Short text fragments from websites
────────────────────
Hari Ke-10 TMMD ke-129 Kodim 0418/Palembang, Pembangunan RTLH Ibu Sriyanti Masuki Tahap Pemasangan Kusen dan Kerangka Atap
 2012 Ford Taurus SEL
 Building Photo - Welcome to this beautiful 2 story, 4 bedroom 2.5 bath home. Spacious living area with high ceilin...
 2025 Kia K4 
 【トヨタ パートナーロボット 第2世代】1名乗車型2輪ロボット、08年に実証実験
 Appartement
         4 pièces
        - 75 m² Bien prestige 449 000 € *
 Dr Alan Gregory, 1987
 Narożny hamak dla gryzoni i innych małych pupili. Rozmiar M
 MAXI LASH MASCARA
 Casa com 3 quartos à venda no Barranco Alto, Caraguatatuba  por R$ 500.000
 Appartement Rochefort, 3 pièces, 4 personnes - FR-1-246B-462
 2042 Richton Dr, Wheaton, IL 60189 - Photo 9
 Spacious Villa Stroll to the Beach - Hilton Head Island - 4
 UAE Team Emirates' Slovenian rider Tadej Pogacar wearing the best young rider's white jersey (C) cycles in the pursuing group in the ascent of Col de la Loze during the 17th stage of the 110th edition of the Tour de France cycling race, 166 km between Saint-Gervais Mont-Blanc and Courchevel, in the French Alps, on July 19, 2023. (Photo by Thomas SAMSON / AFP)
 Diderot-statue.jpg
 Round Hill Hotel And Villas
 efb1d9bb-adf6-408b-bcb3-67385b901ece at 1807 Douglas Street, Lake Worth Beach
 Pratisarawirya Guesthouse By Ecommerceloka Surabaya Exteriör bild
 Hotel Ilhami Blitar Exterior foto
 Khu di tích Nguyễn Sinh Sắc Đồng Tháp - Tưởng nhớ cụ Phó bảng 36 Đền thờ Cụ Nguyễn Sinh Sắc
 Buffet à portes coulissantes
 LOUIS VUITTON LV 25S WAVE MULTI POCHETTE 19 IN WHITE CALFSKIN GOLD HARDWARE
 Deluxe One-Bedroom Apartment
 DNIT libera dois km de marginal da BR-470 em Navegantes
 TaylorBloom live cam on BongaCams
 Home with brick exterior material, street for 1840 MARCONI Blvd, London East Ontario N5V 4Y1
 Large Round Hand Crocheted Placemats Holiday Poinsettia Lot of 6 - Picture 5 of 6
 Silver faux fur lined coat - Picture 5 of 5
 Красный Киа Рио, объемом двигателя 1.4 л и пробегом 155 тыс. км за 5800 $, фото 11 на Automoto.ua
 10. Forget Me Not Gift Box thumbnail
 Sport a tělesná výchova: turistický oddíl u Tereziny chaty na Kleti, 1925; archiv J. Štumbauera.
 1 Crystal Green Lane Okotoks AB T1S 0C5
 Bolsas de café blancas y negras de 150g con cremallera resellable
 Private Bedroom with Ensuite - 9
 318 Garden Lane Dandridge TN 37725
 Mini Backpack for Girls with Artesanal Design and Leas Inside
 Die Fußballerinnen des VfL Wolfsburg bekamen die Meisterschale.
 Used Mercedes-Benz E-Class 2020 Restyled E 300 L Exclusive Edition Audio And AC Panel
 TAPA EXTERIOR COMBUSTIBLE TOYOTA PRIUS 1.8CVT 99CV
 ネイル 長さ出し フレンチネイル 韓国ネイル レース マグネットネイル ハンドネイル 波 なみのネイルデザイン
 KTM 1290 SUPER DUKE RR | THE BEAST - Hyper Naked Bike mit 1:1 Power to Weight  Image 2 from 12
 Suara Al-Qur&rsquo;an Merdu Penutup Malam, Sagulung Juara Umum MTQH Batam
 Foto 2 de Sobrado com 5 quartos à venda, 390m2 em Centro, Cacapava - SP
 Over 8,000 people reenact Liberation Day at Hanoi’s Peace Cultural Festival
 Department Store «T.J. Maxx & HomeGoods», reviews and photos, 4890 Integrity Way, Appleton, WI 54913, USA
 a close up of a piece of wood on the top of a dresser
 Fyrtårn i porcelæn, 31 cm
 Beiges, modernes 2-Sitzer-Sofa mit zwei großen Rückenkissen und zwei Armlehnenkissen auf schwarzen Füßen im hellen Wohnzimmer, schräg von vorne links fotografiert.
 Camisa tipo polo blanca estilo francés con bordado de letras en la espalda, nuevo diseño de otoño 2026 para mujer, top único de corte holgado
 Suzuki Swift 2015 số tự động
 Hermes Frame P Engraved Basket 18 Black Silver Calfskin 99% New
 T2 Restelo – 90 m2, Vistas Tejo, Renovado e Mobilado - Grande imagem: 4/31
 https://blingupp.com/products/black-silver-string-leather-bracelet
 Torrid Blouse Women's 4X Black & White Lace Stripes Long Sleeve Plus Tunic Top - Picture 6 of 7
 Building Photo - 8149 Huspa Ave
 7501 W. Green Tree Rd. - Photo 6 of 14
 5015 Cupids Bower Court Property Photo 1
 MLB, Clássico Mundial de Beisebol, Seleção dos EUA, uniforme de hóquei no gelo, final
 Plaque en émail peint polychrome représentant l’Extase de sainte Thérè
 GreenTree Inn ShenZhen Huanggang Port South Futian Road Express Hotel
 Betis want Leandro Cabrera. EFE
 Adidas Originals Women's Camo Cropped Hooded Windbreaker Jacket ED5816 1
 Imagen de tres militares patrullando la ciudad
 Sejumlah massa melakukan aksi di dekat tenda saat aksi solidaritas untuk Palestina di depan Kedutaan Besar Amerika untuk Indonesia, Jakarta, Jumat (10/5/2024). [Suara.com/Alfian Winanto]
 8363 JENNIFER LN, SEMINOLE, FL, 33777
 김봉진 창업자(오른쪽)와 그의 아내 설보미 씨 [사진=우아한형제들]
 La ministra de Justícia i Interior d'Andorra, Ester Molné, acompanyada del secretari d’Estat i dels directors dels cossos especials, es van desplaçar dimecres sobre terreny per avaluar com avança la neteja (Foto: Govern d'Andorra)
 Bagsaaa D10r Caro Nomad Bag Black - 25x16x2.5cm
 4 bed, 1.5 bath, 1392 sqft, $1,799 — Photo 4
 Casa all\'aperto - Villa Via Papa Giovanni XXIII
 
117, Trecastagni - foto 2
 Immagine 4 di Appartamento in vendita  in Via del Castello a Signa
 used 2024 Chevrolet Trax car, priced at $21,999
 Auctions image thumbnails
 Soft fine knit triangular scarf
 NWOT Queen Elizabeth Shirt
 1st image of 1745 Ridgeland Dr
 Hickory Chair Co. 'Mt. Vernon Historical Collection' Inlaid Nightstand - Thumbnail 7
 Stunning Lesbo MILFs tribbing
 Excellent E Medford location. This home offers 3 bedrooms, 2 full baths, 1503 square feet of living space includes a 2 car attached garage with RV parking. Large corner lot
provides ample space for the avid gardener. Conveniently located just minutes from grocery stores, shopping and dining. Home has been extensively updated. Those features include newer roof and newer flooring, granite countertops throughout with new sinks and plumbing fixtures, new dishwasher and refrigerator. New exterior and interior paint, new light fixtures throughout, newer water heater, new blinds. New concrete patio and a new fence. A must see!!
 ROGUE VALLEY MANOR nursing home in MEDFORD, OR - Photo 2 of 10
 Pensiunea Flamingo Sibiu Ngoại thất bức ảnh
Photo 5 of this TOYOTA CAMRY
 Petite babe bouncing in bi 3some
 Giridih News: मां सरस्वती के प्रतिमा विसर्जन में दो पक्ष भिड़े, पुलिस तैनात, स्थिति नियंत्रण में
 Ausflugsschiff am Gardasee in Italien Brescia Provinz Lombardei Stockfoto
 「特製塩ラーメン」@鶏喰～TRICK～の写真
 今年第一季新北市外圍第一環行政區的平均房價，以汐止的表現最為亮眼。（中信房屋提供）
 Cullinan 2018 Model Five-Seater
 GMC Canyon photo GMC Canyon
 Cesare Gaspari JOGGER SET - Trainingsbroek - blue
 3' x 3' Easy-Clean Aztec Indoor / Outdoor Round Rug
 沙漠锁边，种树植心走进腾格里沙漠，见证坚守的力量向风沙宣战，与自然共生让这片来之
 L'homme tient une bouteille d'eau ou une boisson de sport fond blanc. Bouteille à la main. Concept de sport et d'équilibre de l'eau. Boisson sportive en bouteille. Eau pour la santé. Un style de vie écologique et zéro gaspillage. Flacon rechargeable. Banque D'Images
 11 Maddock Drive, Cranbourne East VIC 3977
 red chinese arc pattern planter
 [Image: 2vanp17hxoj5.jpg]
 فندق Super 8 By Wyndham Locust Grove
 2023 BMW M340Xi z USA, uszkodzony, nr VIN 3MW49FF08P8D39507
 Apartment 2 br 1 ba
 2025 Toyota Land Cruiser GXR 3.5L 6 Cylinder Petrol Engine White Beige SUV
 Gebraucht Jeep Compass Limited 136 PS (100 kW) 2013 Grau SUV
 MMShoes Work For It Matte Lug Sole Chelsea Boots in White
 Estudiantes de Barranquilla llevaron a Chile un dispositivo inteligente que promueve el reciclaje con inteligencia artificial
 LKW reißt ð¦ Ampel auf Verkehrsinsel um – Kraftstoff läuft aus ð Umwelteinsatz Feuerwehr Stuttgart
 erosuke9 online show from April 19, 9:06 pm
────────────────────
Could you return exactly the lines above from the line with "Ausflugsschiff am Gardasee" to the line with "沙漠锁边，种树植心走进腾格里", both included, and nothing else?

**Answer to this problem:**
 Ausflugsschiff am Gardasee in Italien Brescia Provinz Lombardei Stockfoto
 「特製塩ラーメン」@鶏喰～TRICK～の写真
 今年第一季新北市外圍第一環行政區的平均房價，以汐止的表現最為亮眼。（中信房屋提供）
 Cullinan 2018 Model Five-Seater
 GMC Canyon photo GMC Canyon
 Cesare Gaspari JOGGER SET - Trainingsbroek - blue
 3' x 3' Easy-Clean Aztec Indoor / Outdoor Round Rug
 沙漠锁边，种树植心走进腾格里沙漠，见证坚守的力量向风沙宣战，与自然共生让这片来之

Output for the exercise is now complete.